Data extracts:
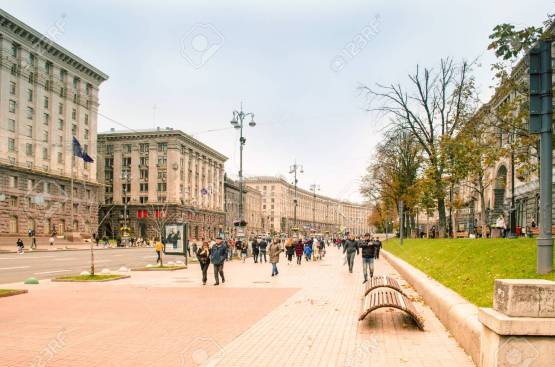 Khreshchatyk en Kiev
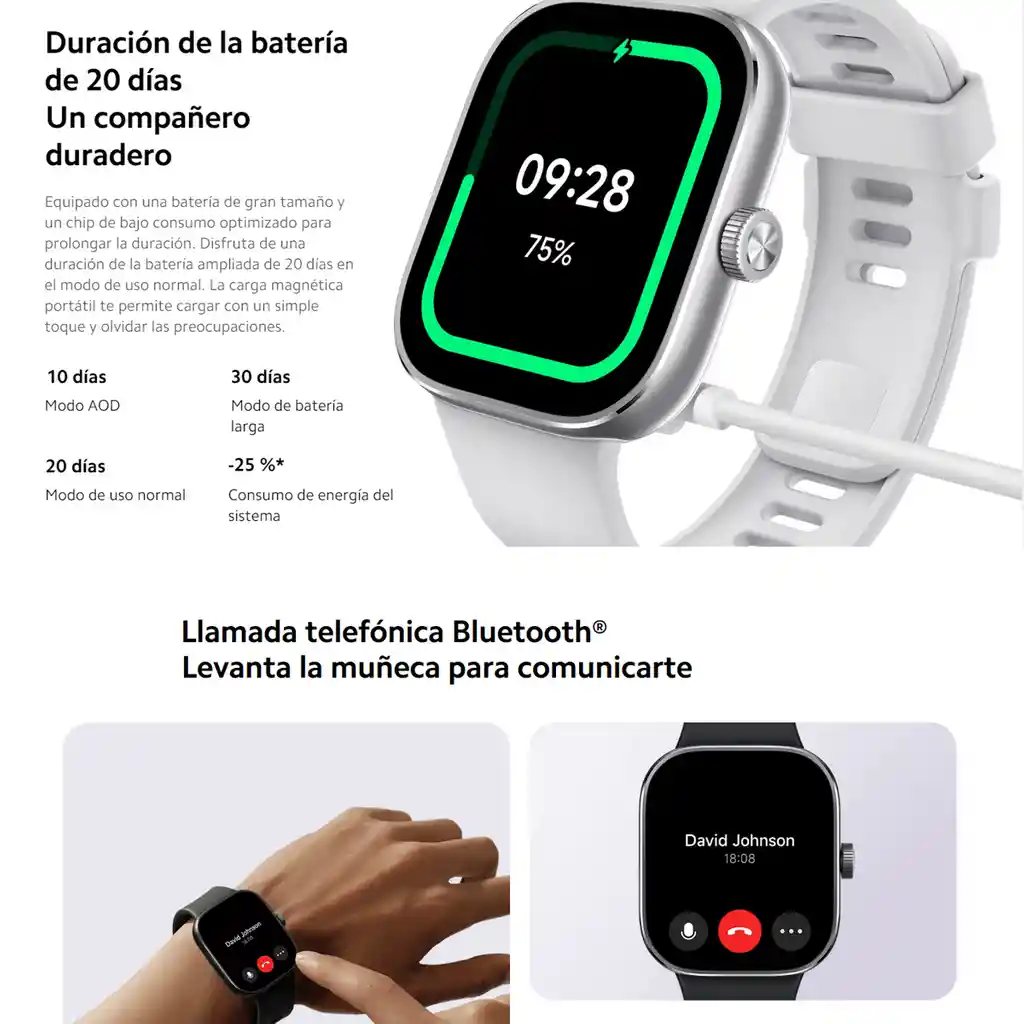 Xiaomi Redmi Watch 4, Smartwatch Llamadas Reloj Inteligente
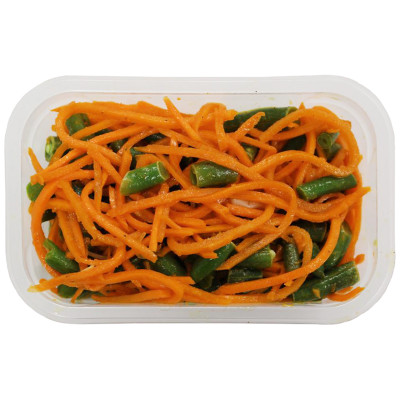 Салат Сытно Вкусно зелёная фасоль с морковью по-корейски, 200г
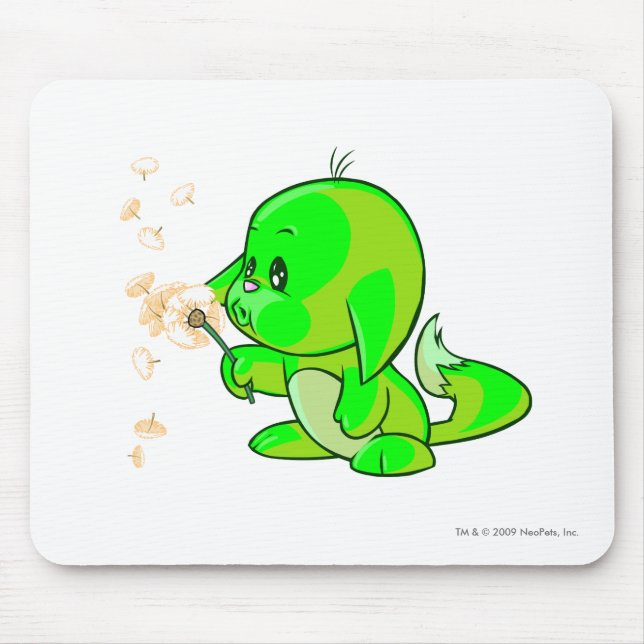 Kacheek Glühen Mousepad (Vorne)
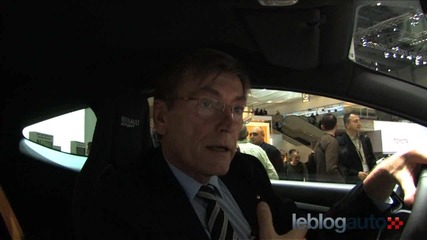 Geneve 2009 - Renault Sport (interview Remi Deconinck)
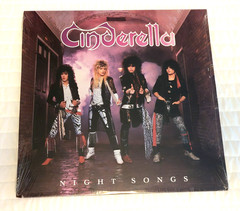 Cinderella Night Songs Vintage Vinyl Record Album Cover 12″ Metal 1986 SEALED lp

Task to complete: Each line of the data is to be duplicated exactly; pictures stay out of the copy.

Output:
 Khreshchatyk en Kiev
 Xiaomi Redmi Watch 4, Smartwatch Llamadas Reloj Inteligente
 Салат Сытно Вкусно зелёная фасоль с морковью по-корейски, 200г
 Kacheek Glühen Mousepad (Vorne)
 Geneve 2009 - Renault Sport (interview Remi Deconinck)
 Cinderella Night Songs Vintage Vinyl Record Album Cover 12″ Metal 1986 SEALED lp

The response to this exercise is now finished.